The Diary Of BenJamin Clemo
~I just have things to say that are really Fame & Art~
Sunday 29th January
Woke up this morning to fading thoughts of a bad dream about meat. Feeling unwell, all steamed up in last weeks clothes, lying in a messy bed with a hairy pie scoffer. Looking across the room I see a lonely tortellini shell. It is also hairy and sad. The remnants of my only solid sustanance consumed within the last 3 days. I feel sick.
I visit a noisy cafe with the hairy pie scoffer. I order a long, tall, cheap glass of tap water for nourishment. I think about fame and being art. I wonder if Kirsten Dunst thinks my face is as big as hers. In a good way. Big faced ladies get me too excited and I have to run to the bathroom because my sickly constitution doesn’t support a racing heartbeat. I am unwell.

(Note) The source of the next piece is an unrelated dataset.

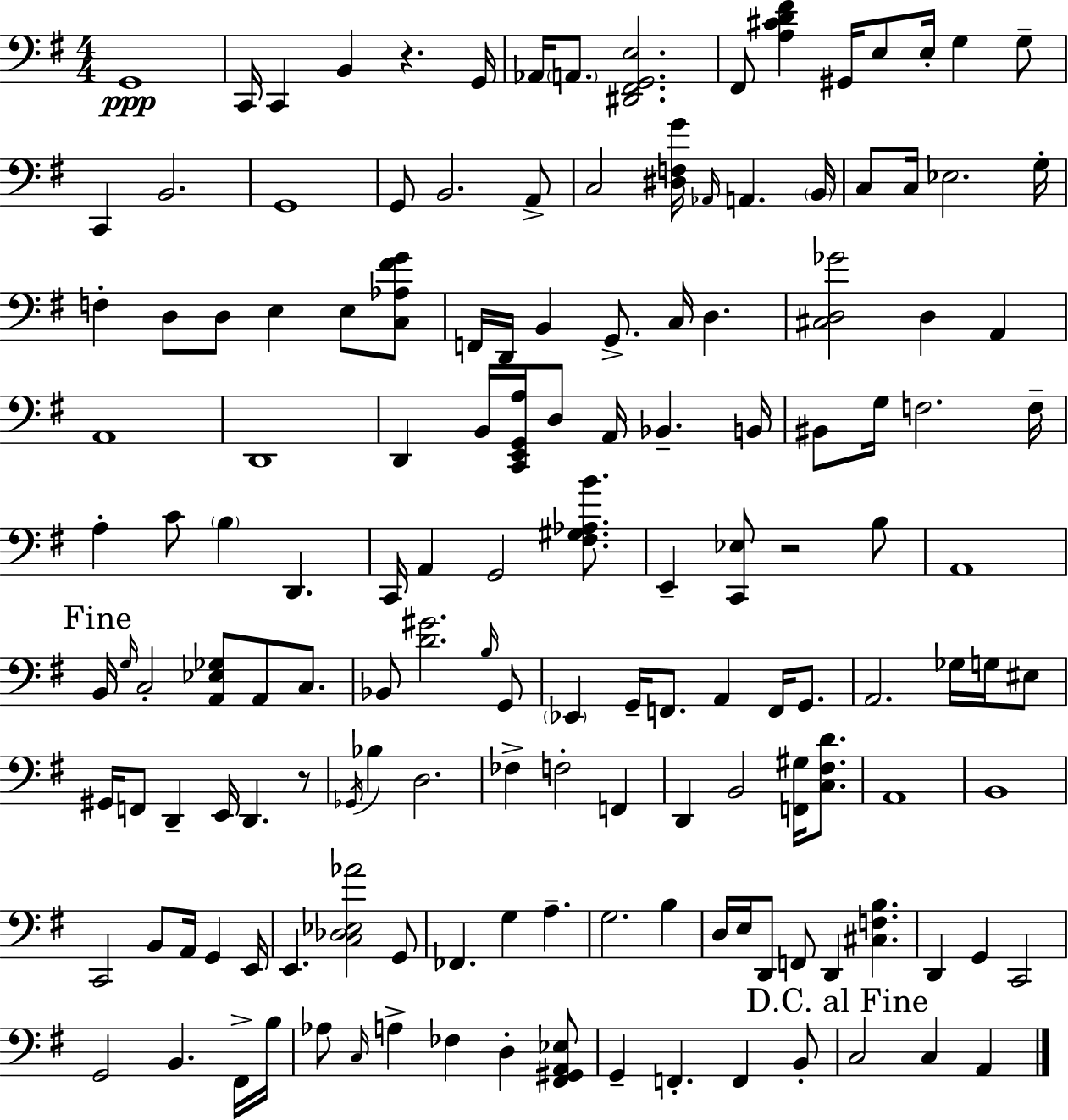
G2/w C2/s C2/q B2/q R/q. G2/s Ab2/s A2/e. [D#2,F#2,G2,E3]/h. F#2/e [A3,C#4,D4,F#4]/q G#2/s E3/e E3/s G3/q G3/e C2/q B2/h. G2/w G2/e B2/h. A2/e C3/h [D#3,F3,G4]/s Ab2/s A2/q. B2/s C3/e C3/s Eb3/h. G3/s F3/q D3/e D3/e E3/q E3/e [C3,Ab3,F#4,G4]/e F2/s D2/s B2/q G2/e. C3/s D3/q. [C#3,D3,Gb4]/h D3/q A2/q A2/w D2/w D2/q B2/s [C2,E2,G2,A3]/s D3/e A2/s Bb2/q. B2/s BIS2/e G3/s F3/h. F3/s A3/q C4/e B3/q D2/q. C2/s A2/q G2/h [F#3,G#3,Ab3,B4]/e. E2/q [C2,Eb3]/e R/h B3/e A2/w B2/s G3/s C3/h [A2,Eb3,Gb3]/e A2/e C3/e. Bb2/e [D4,G#4]/h. B3/s G2/e Eb2/q G2/s F2/e. A2/q F2/s G2/e. A2/h. Gb3/s G3/s EIS3/e G#2/s F2/e D2/q E2/s D2/q. R/e Gb2/s Bb3/q D3/h. FES3/q F3/h F2/q D2/q B2/h [F2,G#3]/s [C3,F#3,D4]/e. A2/w B2/w C2/h B2/e A2/s G2/q E2/s E2/q. [C3,Db3,Eb3,Ab4]/h G2/e FES2/q. G3/q A3/q. G3/h. B3/q D3/s E3/s D2/e F2/e D2/q [C#3,F3,B3]/q. D2/q G2/q C2/h G2/h B2/q. F#2/s B3/s Ab3/e C3/s A3/q FES3/q D3/q [F#2,G#2,A2,Eb3]/e G2/q F2/q. F2/q B2/e C3/h C3/q A2/q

I lie around in last weeks clothes trying to feel better. Preparing myself mentally for a loud and demanding studio session. Hairy pie scoffer sits at the foot of the bed watching me. The big black cat also watches. Their watchfulness reminds me of STUDS. It is a members club in Kennington that operates a no trousers policy. I wonder what the bouncers wear. I feel sick. But fame and being art will make me well again I think.
P$. I have been looking for some sounds that might develop our new album. I think it might be the big golden face, but something about this shingon chant is really Art. Being, doing, Fame.